OJR: Are your member news organizations seeing the kinds of results they were hoping for through asap? Are they drawing in younger readers who are actively participating on their sites?

Anthony: The active participation part, I can’t really speak to. I know that our renewal rate after the pilot project was roughly 70 percent, which I think was a little higher than expected. But that stuff is more business side stuff so I’m less confident speaking about it.

I will say that the feedback that we’ve received suggests that the more innovative we are with our storytelling, the better the results. Earlier on, we sometimes took safer routes because we were a still a bit unsure of our footing.

OJR: Can you give me an example of something that drew participation or feedback?

Anthony: What’s a good example? We did a Flash interactive on how to buy a man’s hat for our lifestyle section. It involved about six different pieces of video, with a hatter talking about different kinds of hats, how to buy them, what type of shop and that got really, really good feedback. That’s not something we would have thought about doing early on. It wasn’t a story in the sense that we traditionally view stories but yet it resonated with a lot of people, because it seemed to represent our willingness to tell something in a very alternative way.

I think that we have been surprised at how far we can go—in terms of telling stories in different ways and not how far we can go in being “edgy” or “provocative.”

OJR: The AP has of course perfected wire service format–getting daily news stories out quickly, accurately and fairly across the wires to member news organizations. How do you assure that those same standards transfer to asap when there is much more technical production work involved that may slow the posting process?

Anthony: We’re pretty relentless about hammering home daily that this may be a new department but this is the AP and certain things can’t be compromised. We’re in new frontiers but we have regular and sometimes very lively discussions about ethics and standards and how they apply online. When it comes to those kinds of questions we try to err on the side of traditionalism. One of the hugest things that AP brings to the table and through it to asap are the AP standards—readers know that they are seeing something that’s accurate and that’s real. We do not try to match word for word or image for image the AP’s covered spot events. We recognized earlier on that we should not compete with 3,000 colleagues in terms of bringing back the news. So we’ve looked for alternative ways into the news. We’re not designed to be a breaking news service. We’re designed to be a very timely, a very fresh and a very newsy online magazine.

So we aren’t cranking out news, but that said we have had reporters at every major news event in the last couple of years. We had two go to Virginia Tech two months ago so we definitely stand on top of the news. I think it is certainly harder because there are no neat answers that come from decades of literature that we learn in our journalistic ethics classes. But we adhere to the AP’s baselines and AP’s ethics statement. It has not skewed us wrong yet.

OJR: Can you give me an example a decision you have had to make?

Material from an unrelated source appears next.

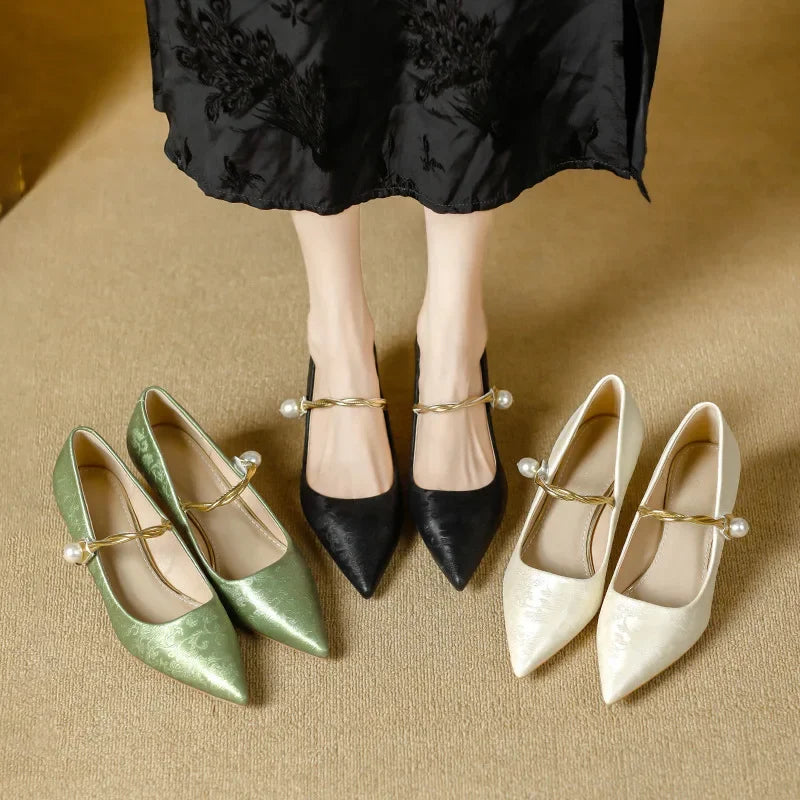 Camila | Talons Aiguilles avec Sangle en Perles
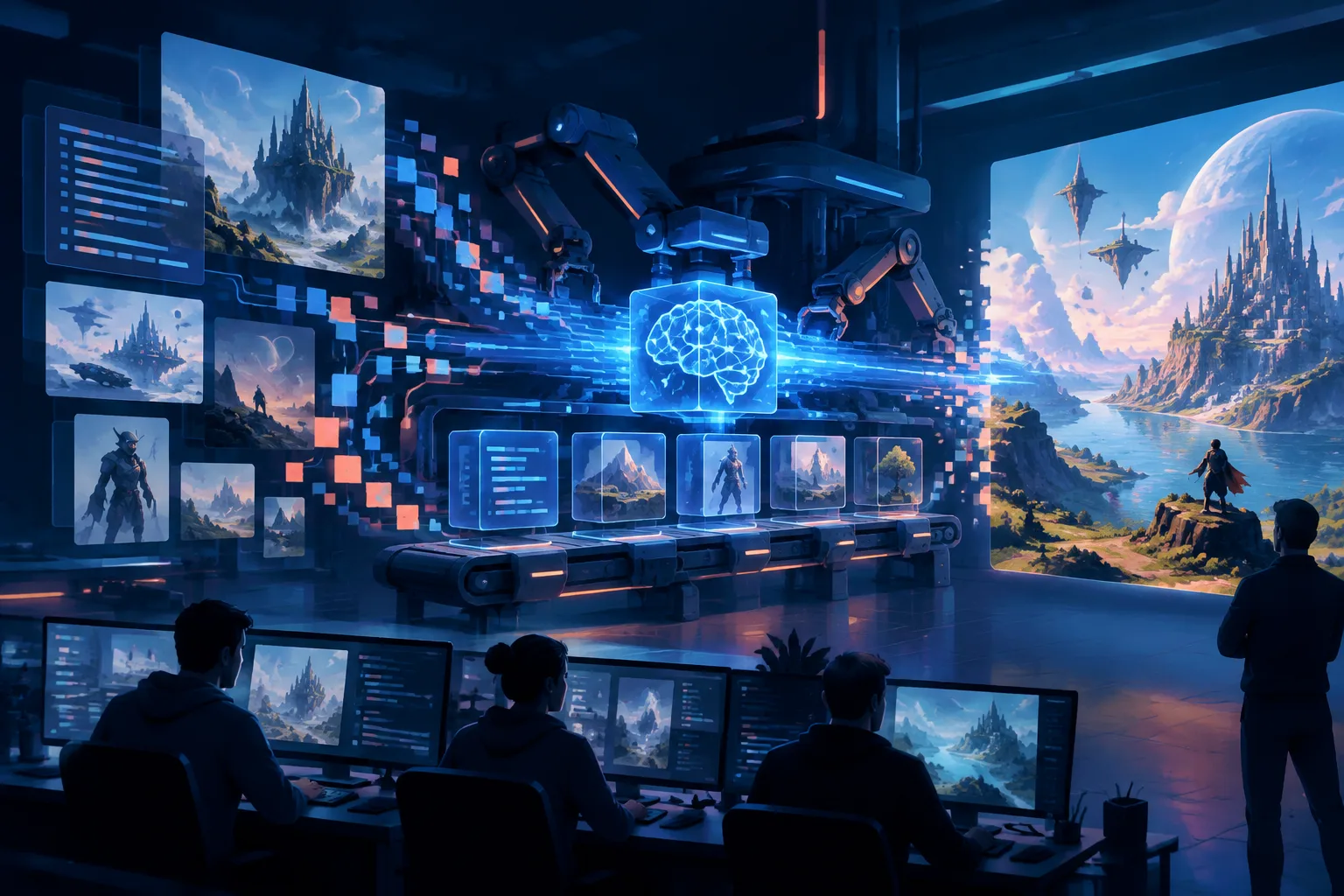 An AI production line turns code and artwork into a generic game world.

Anthony: Hmmm…we had a story when Betty Friedan died on how she was the original “Desperate Housewife.” We decided we were going to do a photo illustration of Betty Friedan with the Desperate Housewives. This is something that magazines and even The New York Times now do all the time. These photo illustrations that tell something iconically. We had what must have been an hour-long talk here about whether we wanted to do this and if so, how we wanted to do this. And what we did was to have a picture that had Betty Friedan in black and white, amongst the Desperate Housewives and their very deep colors. We wanted anybody looking at that to be absolutely sure that there was a wink-and-a-nudge in there.

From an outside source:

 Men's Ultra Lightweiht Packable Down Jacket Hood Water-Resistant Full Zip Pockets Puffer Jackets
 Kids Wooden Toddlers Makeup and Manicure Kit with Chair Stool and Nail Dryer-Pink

It certainly is a challenge. You have to have continual conversations about this stuff and you have to foster an environment of conversation in which somebody who brings something like this up, doesn’t feel like they are being a nattering nabob. As long as we are designed to be this forward guard of multimedia, we are going to do it within the ethical and journalistic boundaries that the AP is still espousing after all these years.

OJR: Can you tell me about the qualities you are seeking in journalists to tell stories in alternative ways?

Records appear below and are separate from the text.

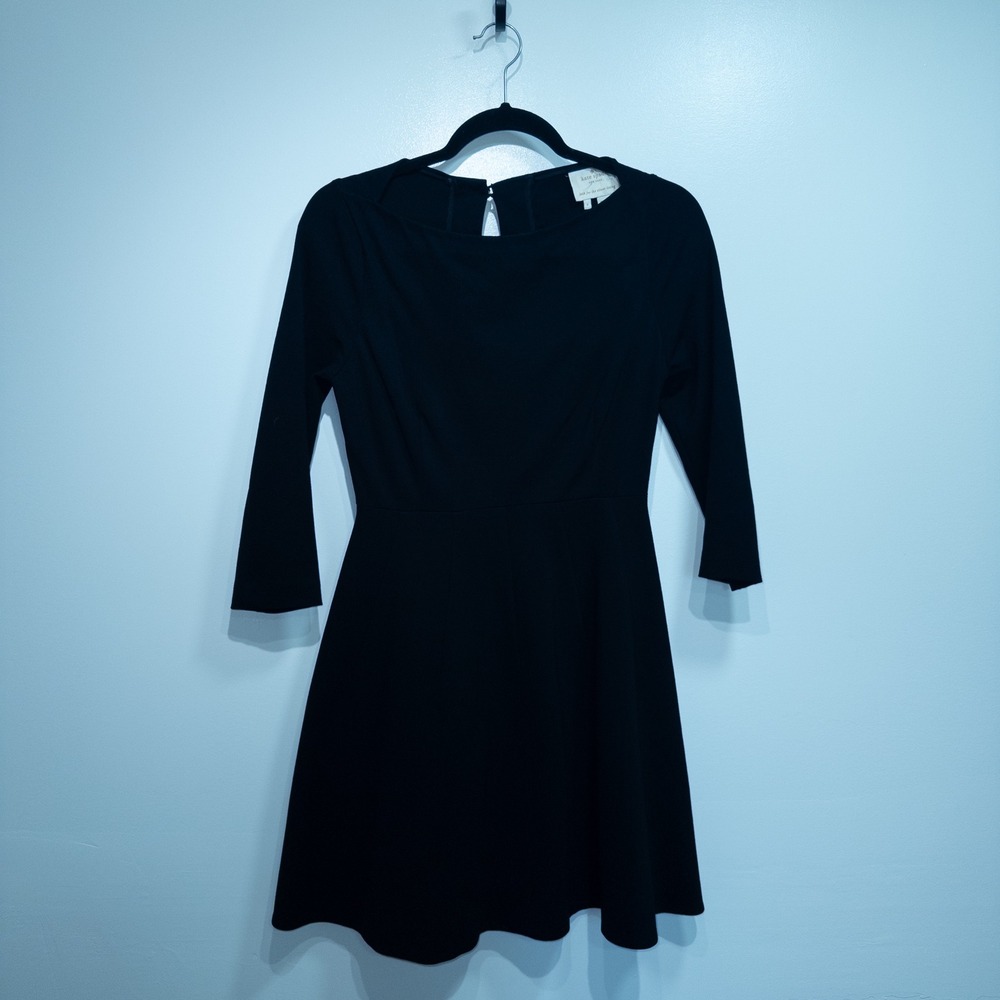 Kate Spade Black Bateau Neck Keyhole Back Ponte Fit & Flare Dress 4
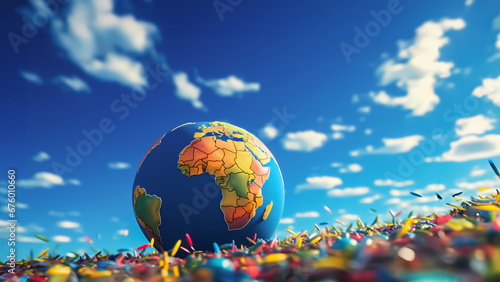 Blue Earth Lies on Plastic Pollution Under Blue Skies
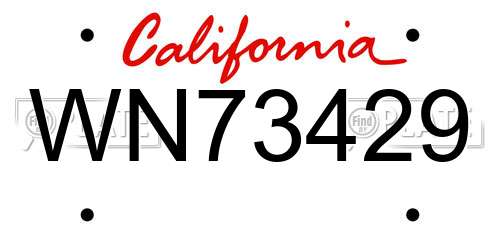 WN73429 California License Plate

Anthony: We hired 27 journalists by the time we were done hiring. We went in with the thought that we would hire about 70 percent from outside the AP and about 30 percent from inside the AP because we wanted something really dramatically fresh. But as we got to the hiring we realized that virtually the opposite was true. We ended up hiring about 40 percent from outside and about 60 percent from the AP, because we recognized that if we really wanted to try these new things and do them with “oomph” and do them with credibility, that we would need some real AP experience embedded in there.

We were looking for people who were flexible in their storytelling–and by that I mean people who wouldn’t say, we don’t do things that way. Too many news organizations in today’s world are populated with many people who say, we don’t do things that way. Those people are not going to be doing things at all if they keep up that attitude. We have to be willing to acknowledge that there is a certain core group of values and skills that we have, but that beyond that we are in this brave new world and we have to be able to think critically about how a story should be told and whether a story will resonate, will echo if it’s told in the best way.

I really was aiming to hire people who are willing to say, “okay, we will not be bound by convention.”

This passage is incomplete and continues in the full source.